> _ASSIGNMENT_
Go through the listing and repeat each entry exactly, but include no pictures.

> _INPUT DATA_
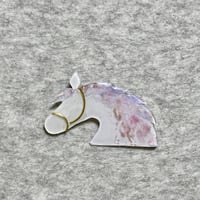 ウマコキラキラブローチ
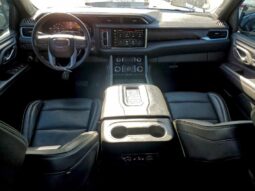 
										2023 Gmc Yukon full									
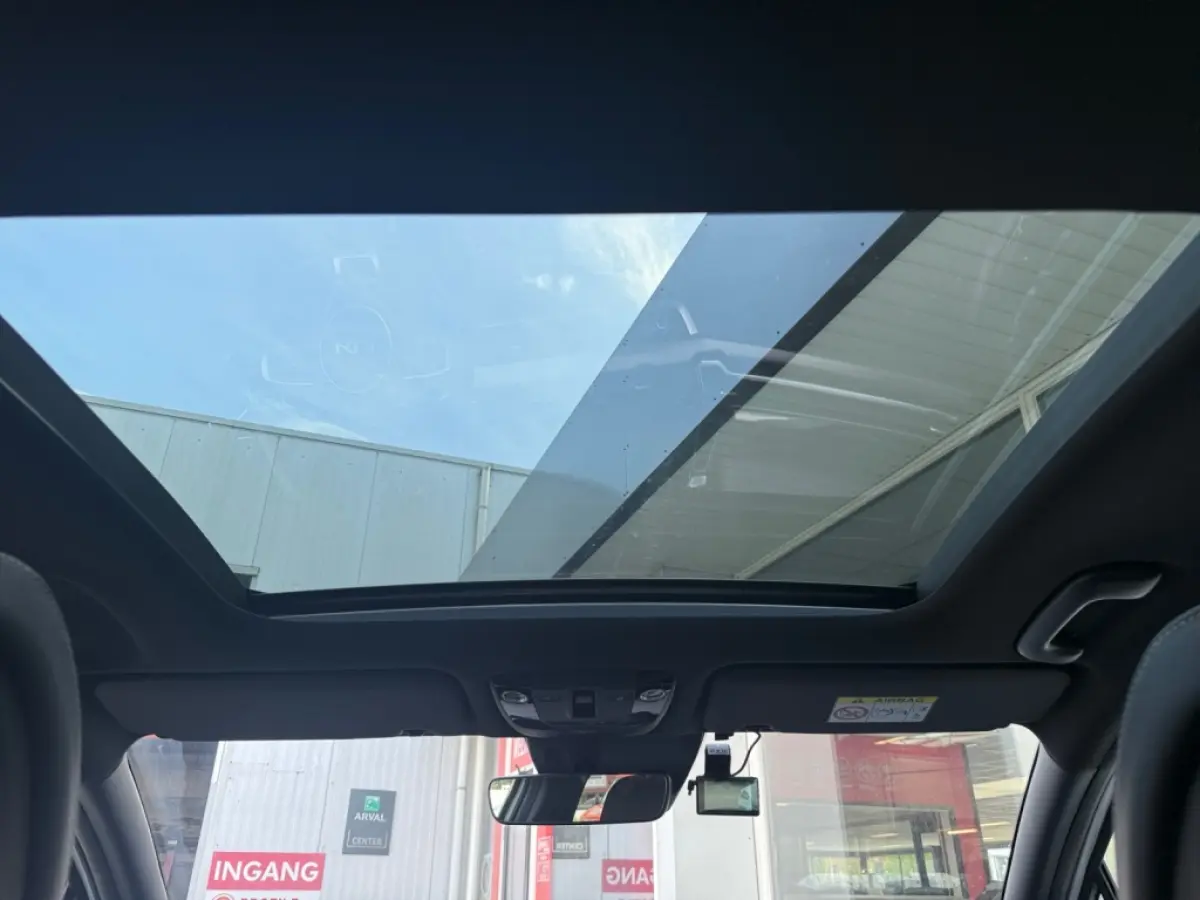 1.6 T Hybrid GT-PlusLine | Panoramadak | 360° camera | Leder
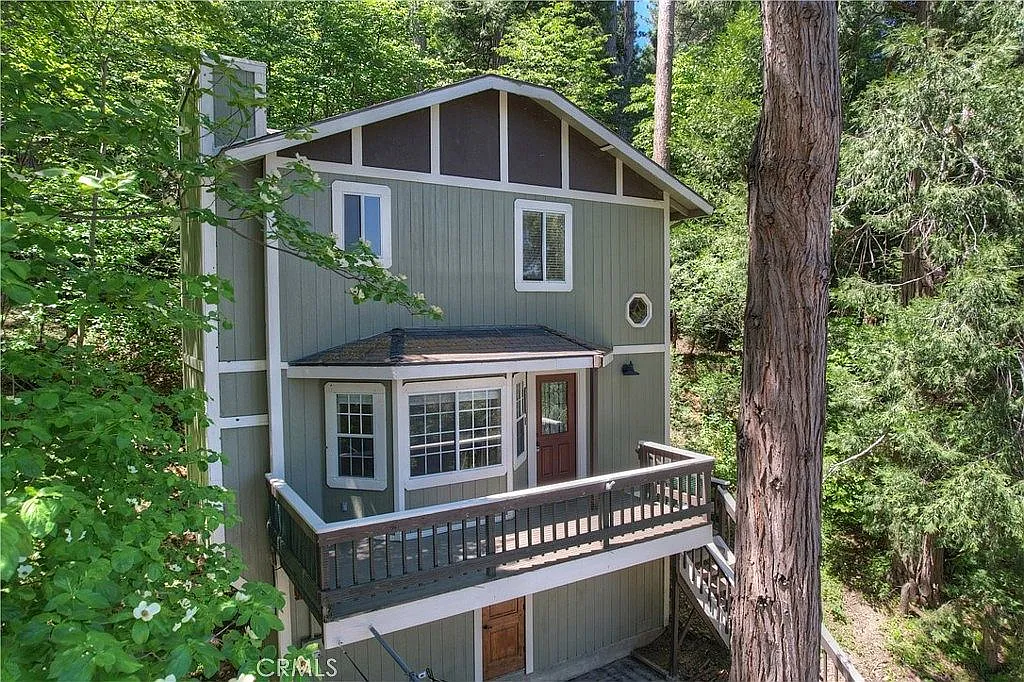 2 bed, 1.5 bath, 1018 sqft, $2,000 — Photo 1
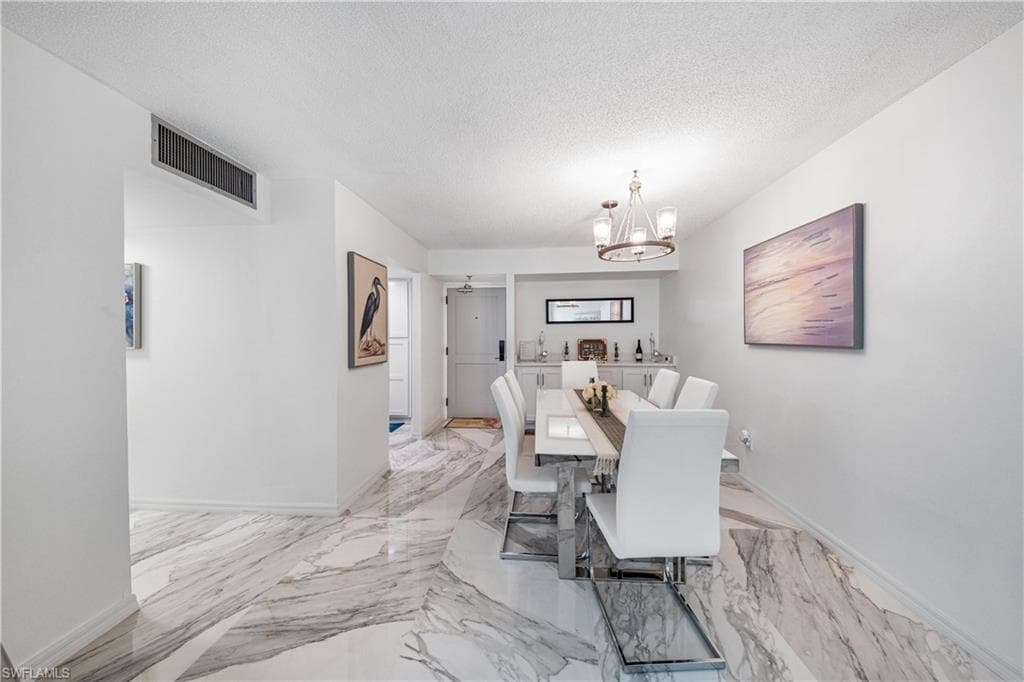 320 Seaview CT 1207-12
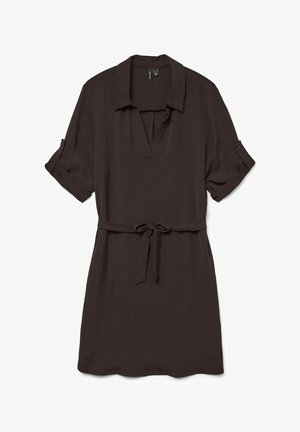 Robe marron foncé à manches courtes avec col, encolure en V, manches retroussées avec pattes boutonnées et ceinture nouée à la taille, présentée à plat sur fond blanc.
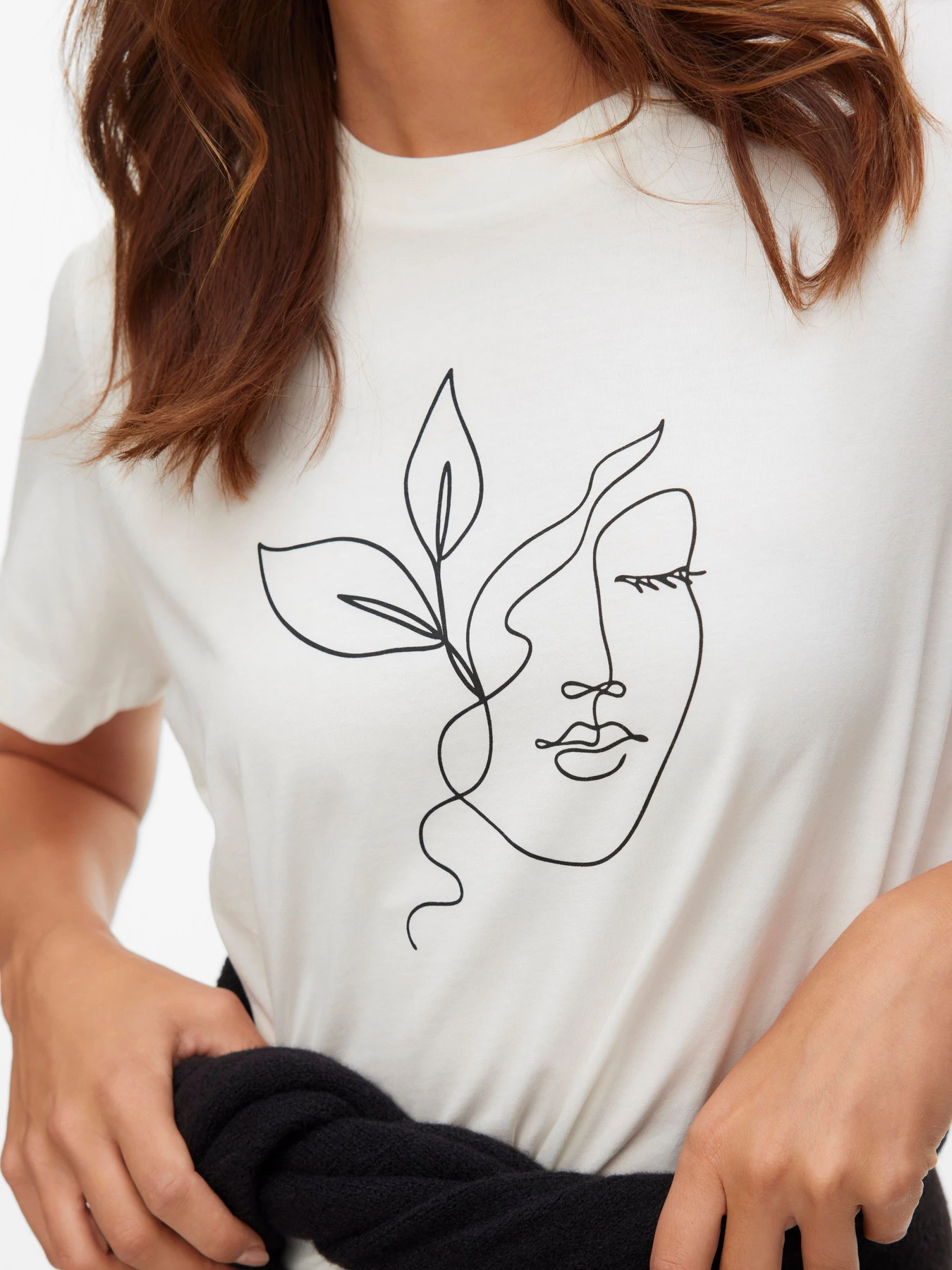 Футболки и поло Vero Moda THEA METTE SS TOP модель 10346290_Snow White LEAF LADY Футболки и поло Vero Moda THEA METTE SS TOP модель 10346290_Snow White LEAF LADY Фото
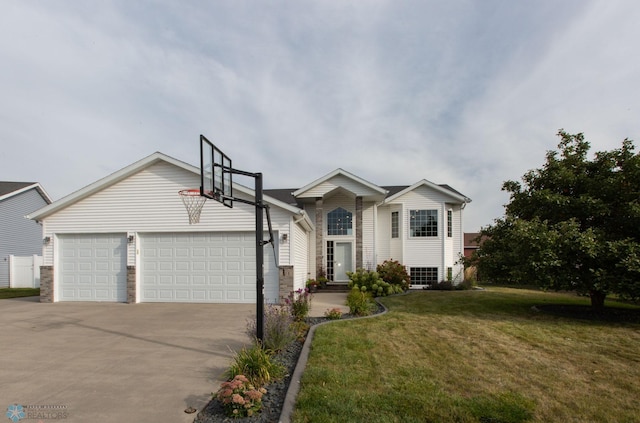 view of front of home featuring a front lawn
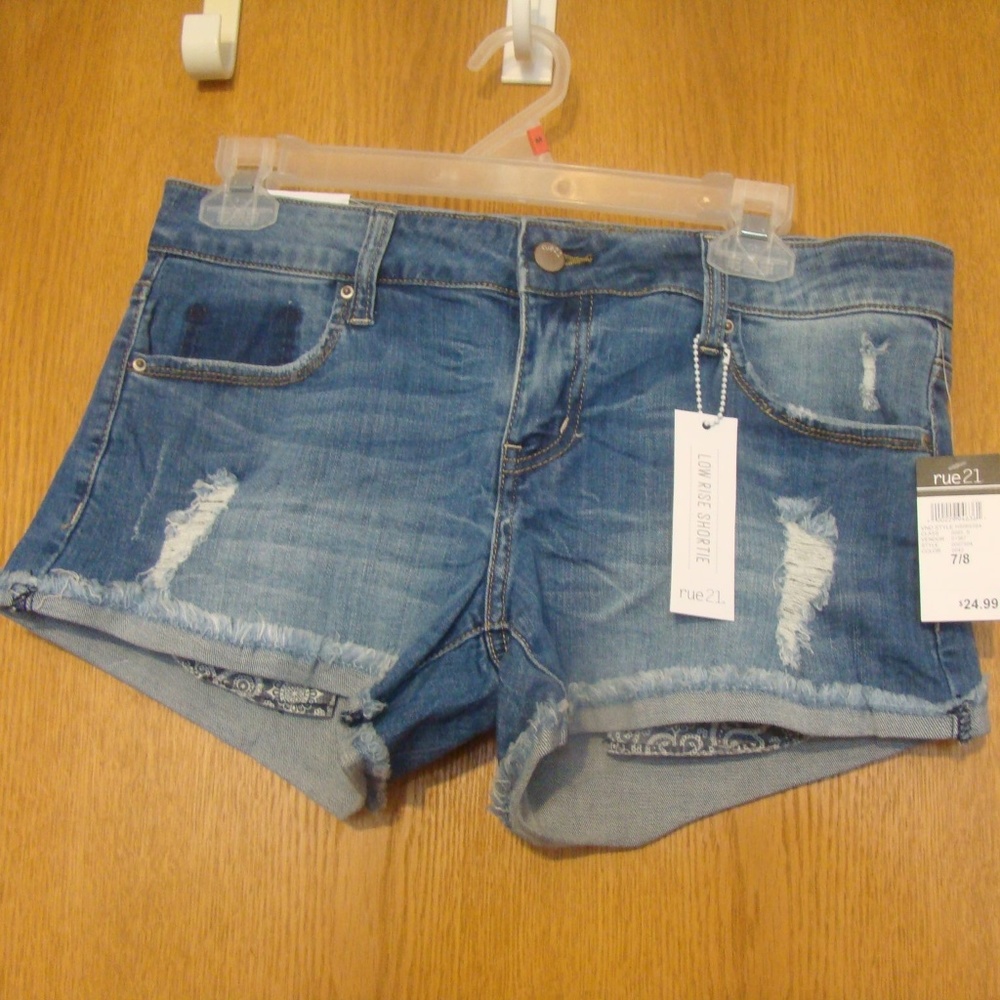RUE21 Distressed Shorts Size 7/8 NWT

> _RESULT OF THE EXERCISE_
 ウマコキラキラブローチ
										2023 Gmc Yukon full									
 1.6 T Hybrid GT-PlusLine | Panoramadak | 360° camera | Leder
 2 bed, 1.5 bath, 1018 sqft, $2,000 — Photo 1
 320 Seaview CT 1207-12
 Robe marron foncé à manches courtes avec col, encolure en V, manches retroussées avec pattes boutonnées et ceinture nouée à la taille, présentée à plat sur fond blanc.
 Футболки и поло Vero Moda THEA METTE SS TOP модель 10346290_Snow White LEAF LADY Футболки и поло Vero Moda THEA METTE SS TOP модель 10346290_Snow White LEAF LADY Фото
 view of front of home featuring a front lawn
RUE21 Distressed Shorts Size 7/8 NWT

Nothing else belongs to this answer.